▶ _Required action_
This exercise calls for retyping every line below exactly, with the images omitted.

Image-caption web data
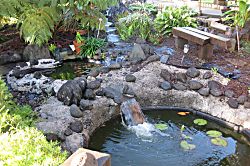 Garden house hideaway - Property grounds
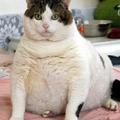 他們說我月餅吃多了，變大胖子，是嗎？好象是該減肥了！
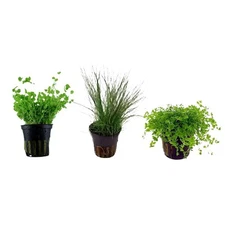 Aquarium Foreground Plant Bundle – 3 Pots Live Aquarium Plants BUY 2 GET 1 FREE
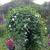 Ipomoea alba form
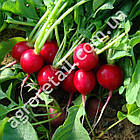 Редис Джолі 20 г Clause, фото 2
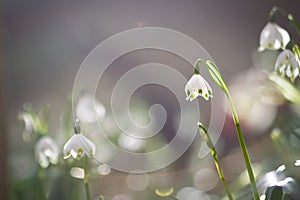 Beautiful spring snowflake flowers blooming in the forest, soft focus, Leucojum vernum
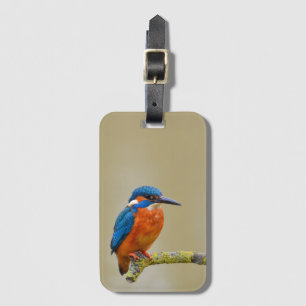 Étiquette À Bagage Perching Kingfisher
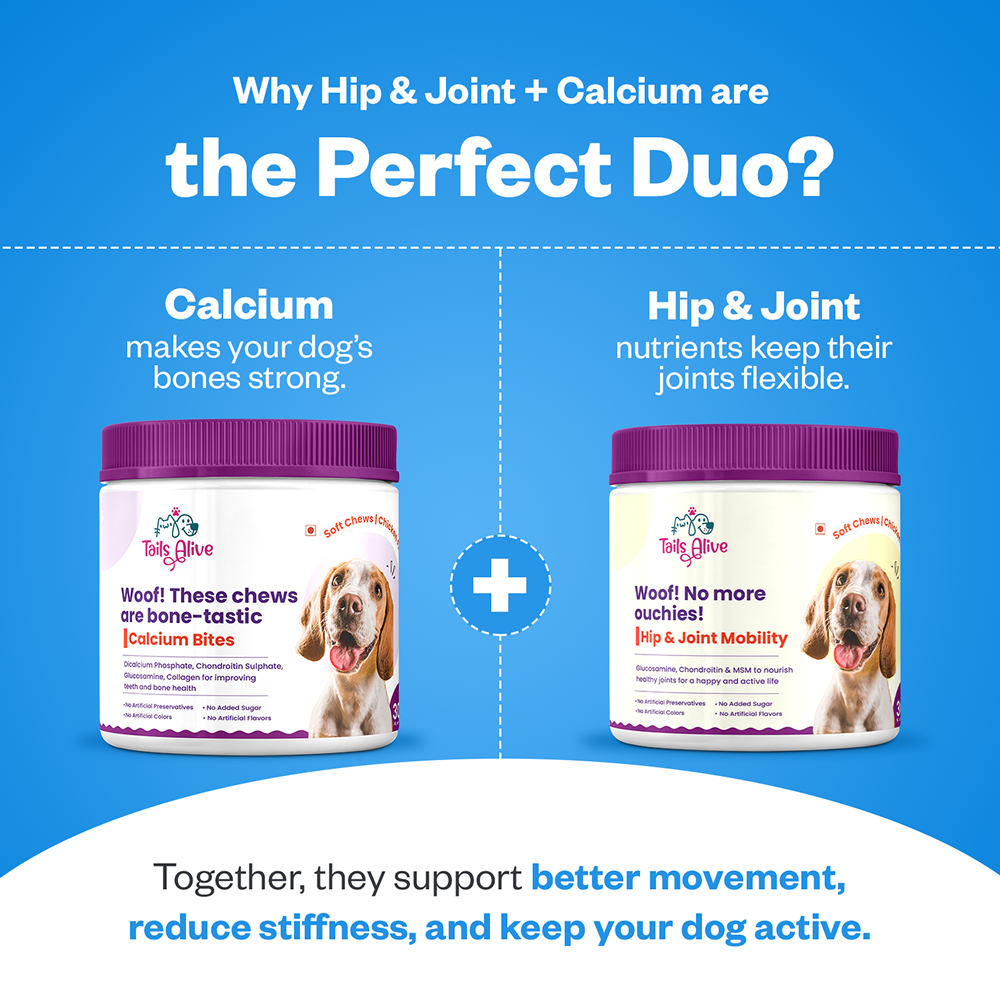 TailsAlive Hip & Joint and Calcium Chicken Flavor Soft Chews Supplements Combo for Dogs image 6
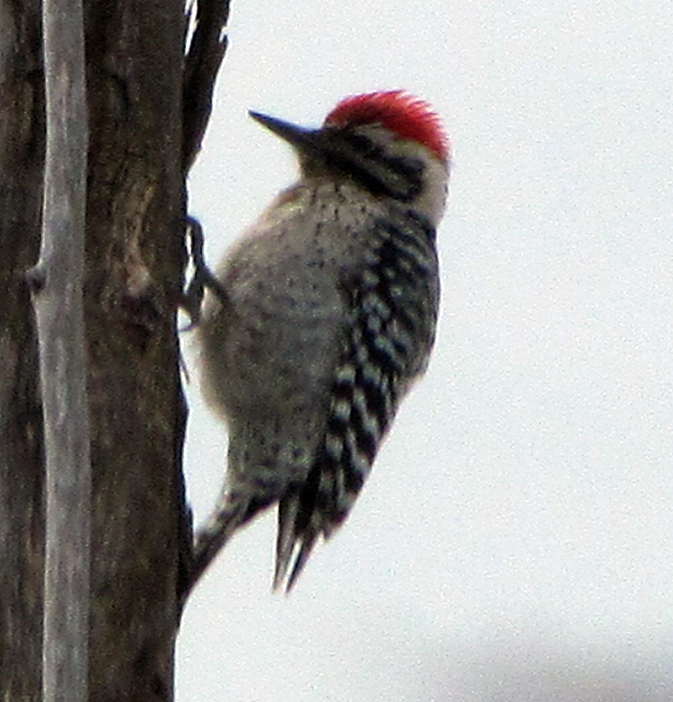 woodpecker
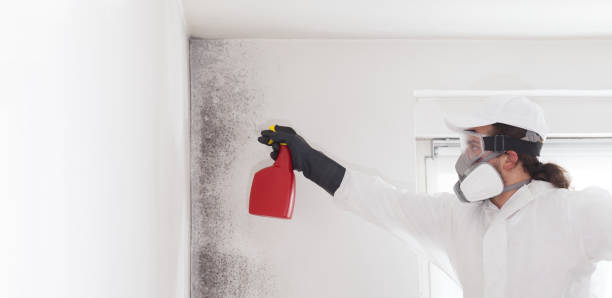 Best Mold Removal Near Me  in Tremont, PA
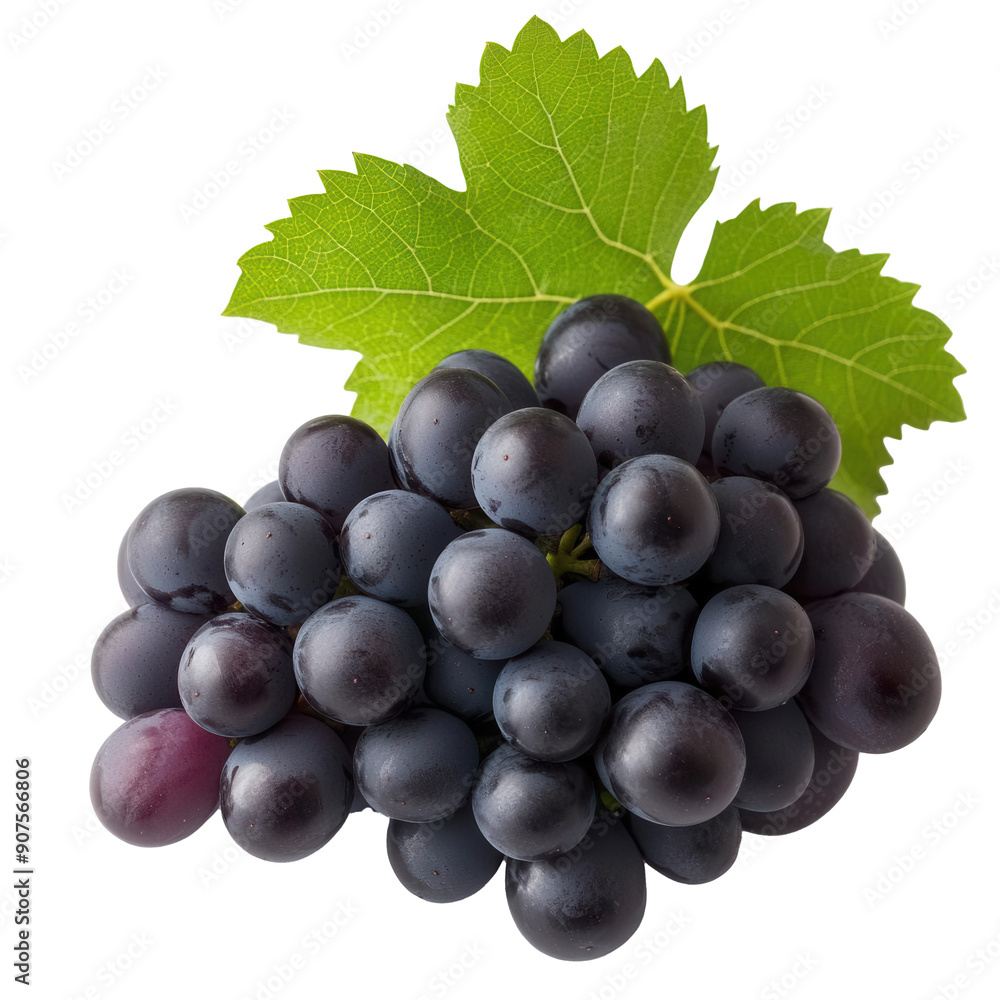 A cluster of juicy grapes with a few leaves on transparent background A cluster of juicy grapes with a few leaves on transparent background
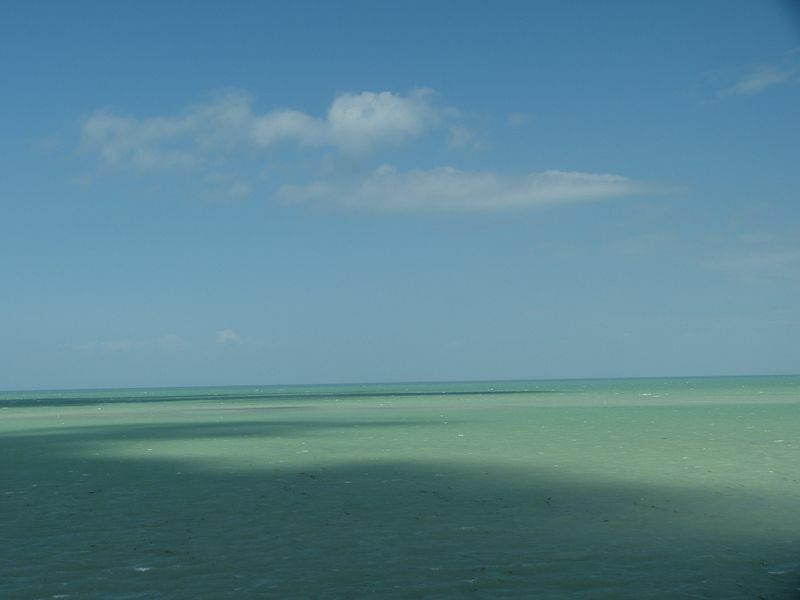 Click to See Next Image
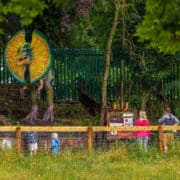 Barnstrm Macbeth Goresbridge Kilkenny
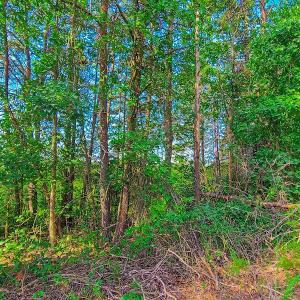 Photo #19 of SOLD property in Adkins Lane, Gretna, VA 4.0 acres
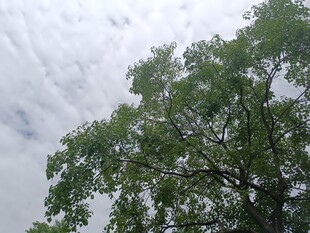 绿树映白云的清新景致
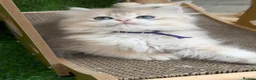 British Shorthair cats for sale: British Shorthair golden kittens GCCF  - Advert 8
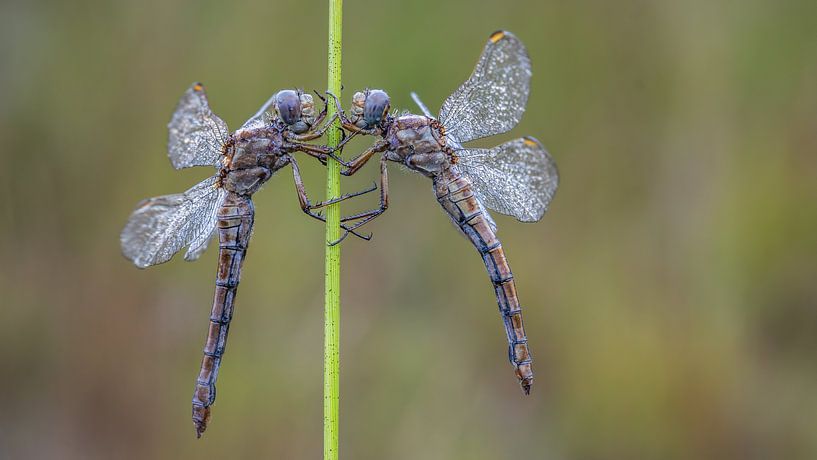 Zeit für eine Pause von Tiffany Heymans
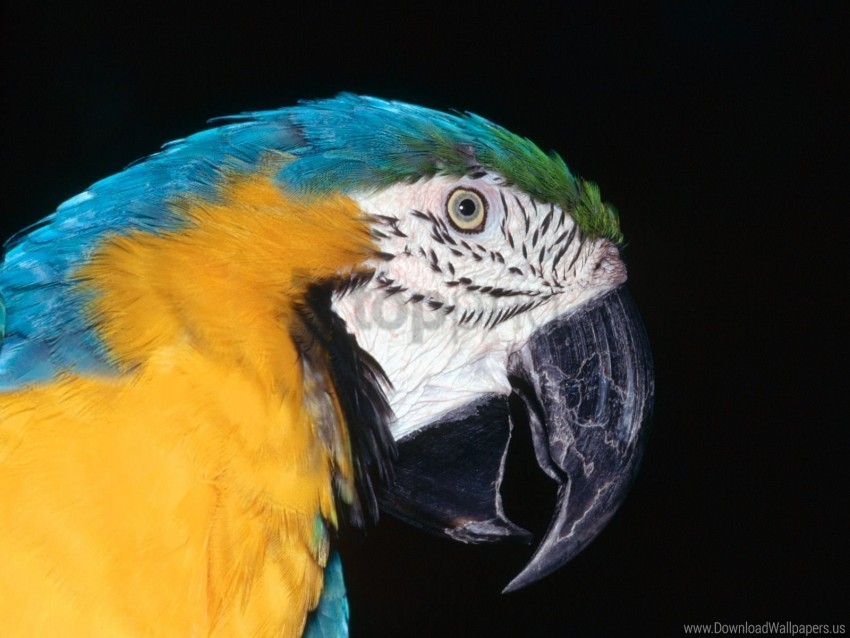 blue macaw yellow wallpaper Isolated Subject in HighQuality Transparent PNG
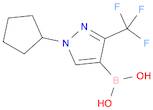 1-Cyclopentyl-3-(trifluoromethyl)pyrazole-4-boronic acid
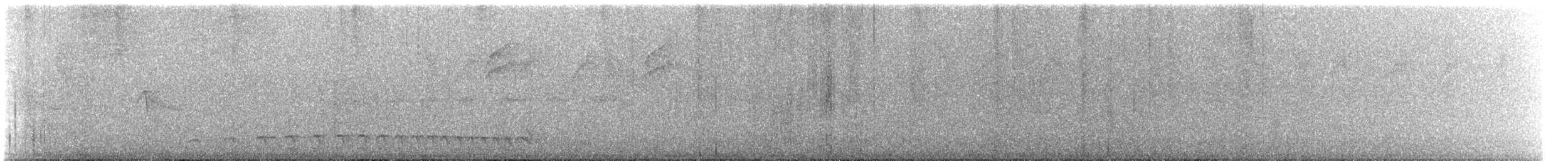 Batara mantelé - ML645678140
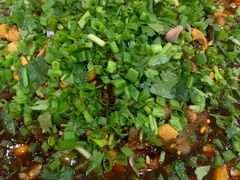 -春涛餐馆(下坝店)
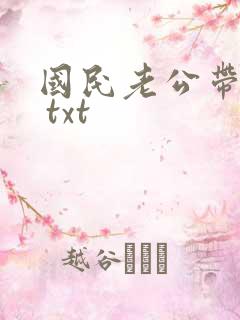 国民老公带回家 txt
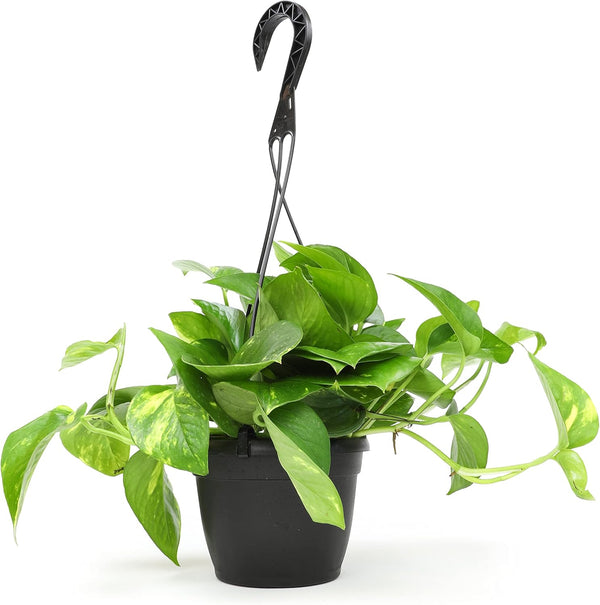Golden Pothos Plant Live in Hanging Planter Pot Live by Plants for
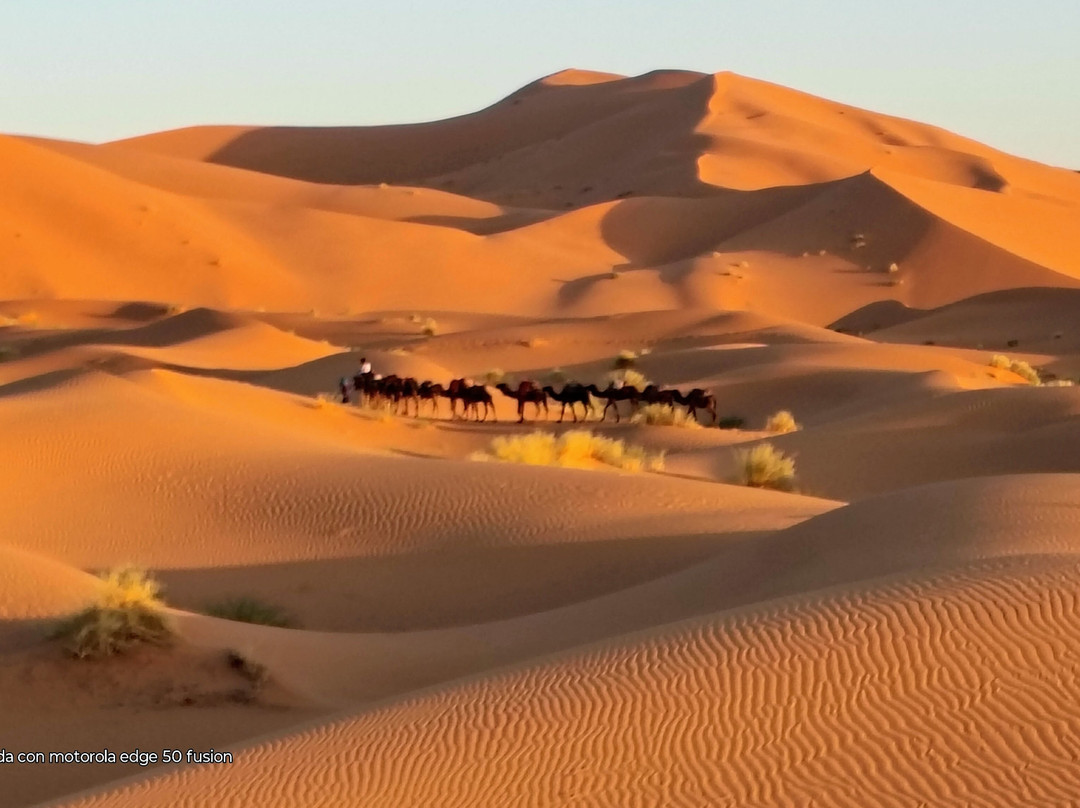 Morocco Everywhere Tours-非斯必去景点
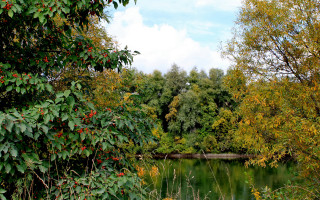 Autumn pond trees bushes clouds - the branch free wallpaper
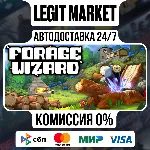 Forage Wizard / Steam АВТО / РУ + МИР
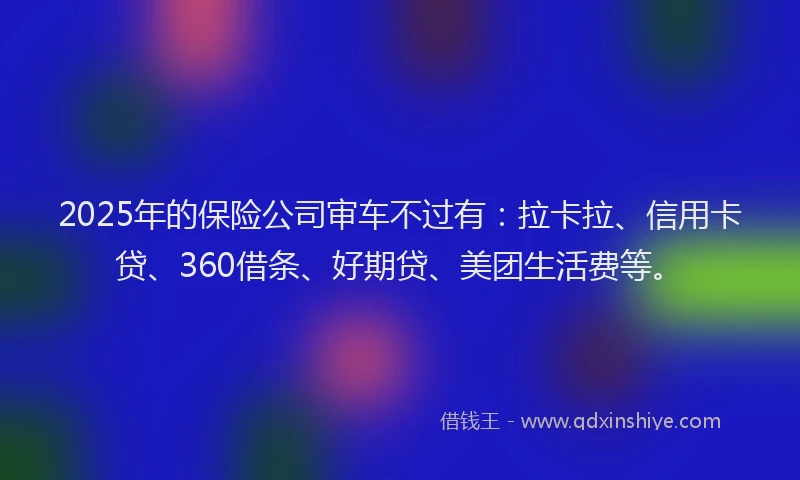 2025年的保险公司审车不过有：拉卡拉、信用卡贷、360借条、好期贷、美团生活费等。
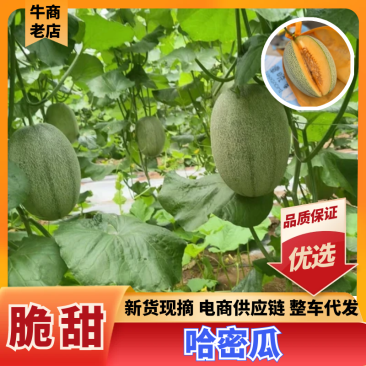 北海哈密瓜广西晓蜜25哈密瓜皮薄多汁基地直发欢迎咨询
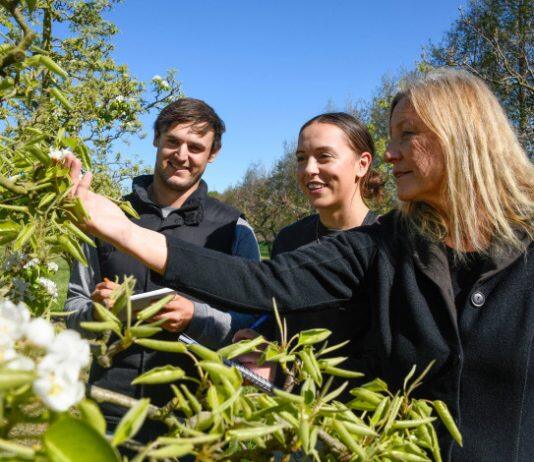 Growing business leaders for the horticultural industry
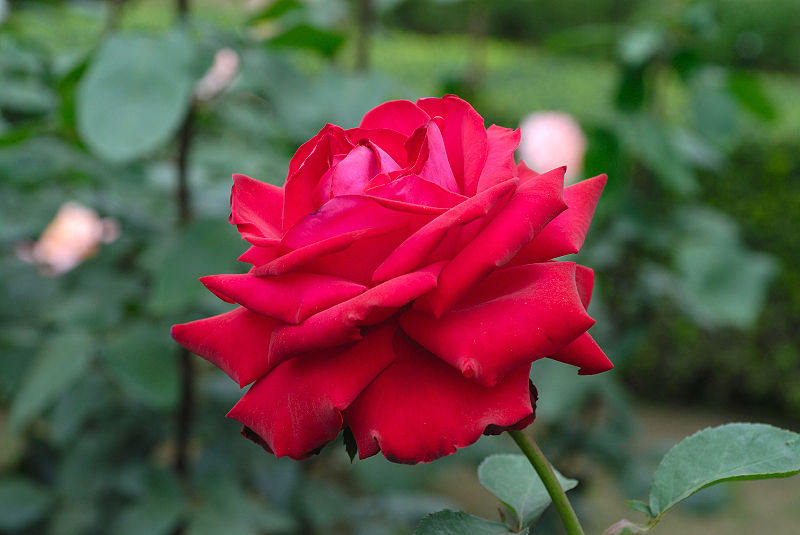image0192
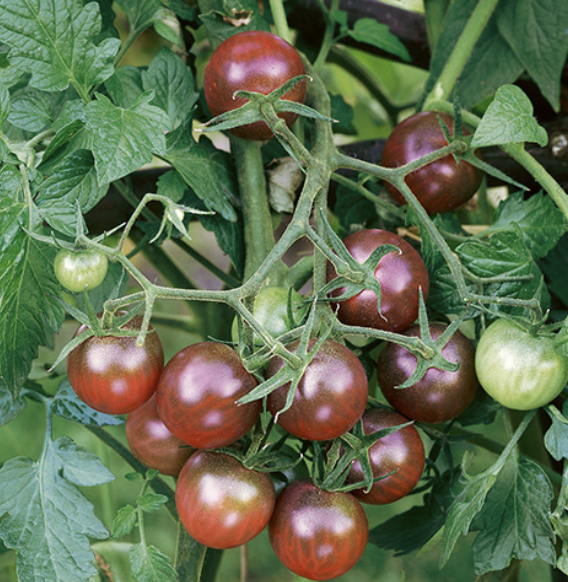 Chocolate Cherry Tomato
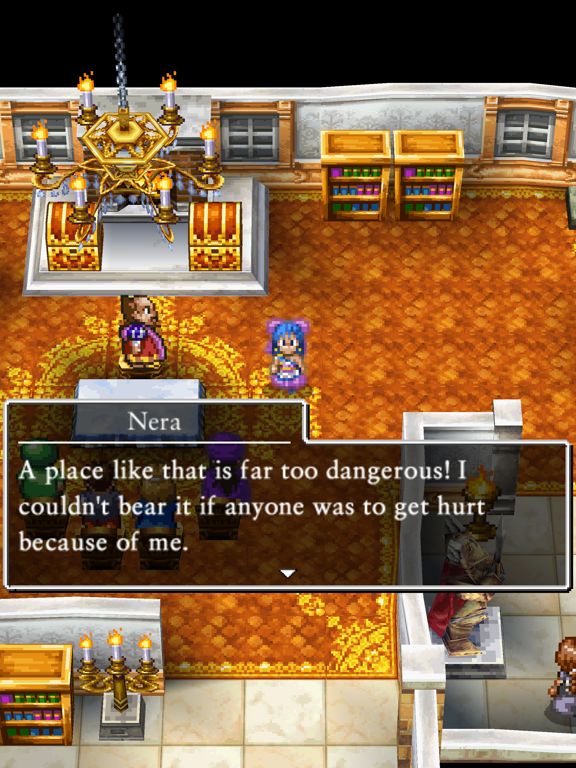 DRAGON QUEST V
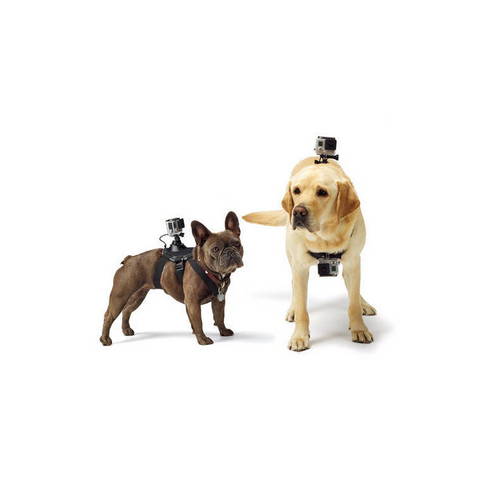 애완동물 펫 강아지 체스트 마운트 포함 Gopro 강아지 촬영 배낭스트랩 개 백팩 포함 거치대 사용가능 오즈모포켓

▶ _Expected answer_
 Garden house hideaway - Property grounds
 他們說我月餅吃多了，變大胖子，是嗎？好象是該減肥了！
 Aquarium Foreground Plant Bundle – 3 Pots Live Aquarium Plants BUY 2 GET 1 FREE
 Ipomoea alba form
 Редис Джолі 20 г Clause, фото 2
 Beautiful spring snowflake flowers blooming in the forest, soft focus, Leucojum vernum
 Étiquette À Bagage Perching Kingfisher
 TailsAlive Hip & Joint and Calcium Chicken Flavor Soft Chews Supplements Combo for Dogs image 6
 woodpecker
 Best Mold Removal Near Me  in Tremont, PA
 A cluster of juicy grapes with a few leaves on transparent background A cluster of juicy grapes with a few leaves on transparent background
 Click to See Next Image
 Barnstrm Macbeth Goresbridge Kilkenny
 Photo #19 of SOLD property in Adkins Lane, Gretna, VA 4.0 acres
 绿树映白云的清新景致
 British Shorthair cats for sale: British Shorthair golden kittens GCCF  - Advert 8
 Zeit für eine Pause von Tiffany Heymans
 blue macaw yellow wallpaper Isolated Subject in HighQuality Transparent PNG
 1-Cyclopentyl-3-(trifluoromethyl)pyrazole-4-boronic acid
 Batara mantelé - ML645678140
 -春涛餐馆(下坝店)
 国民老公带回家 txt
Golden Pothos Plant Live in Hanging Planter Pot Live by Plants for
 Morocco Everywhere Tours-非斯必去景点
 Autumn pond trees bushes clouds - the branch free wallpaper
 Forage Wizard / Steam АВТО / РУ + МИР
 2025年的保险公司审车不过有：拉卡拉、信用卡贷、360借条、好期贷、美团生活费等。
 北海哈密瓜广西晓蜜25哈密瓜皮薄多汁基地直发欢迎咨询
 Growing business leaders for the horticultural industry
image0192
 Chocolate Cherry Tomato
 DRAGON QUEST V
 애완동물 펫 강아지 체스트 마운트 포함 Gopro 강아지 촬영 배낭스트랩 개 백팩 포함 거치대 사용가능 오즈모포켓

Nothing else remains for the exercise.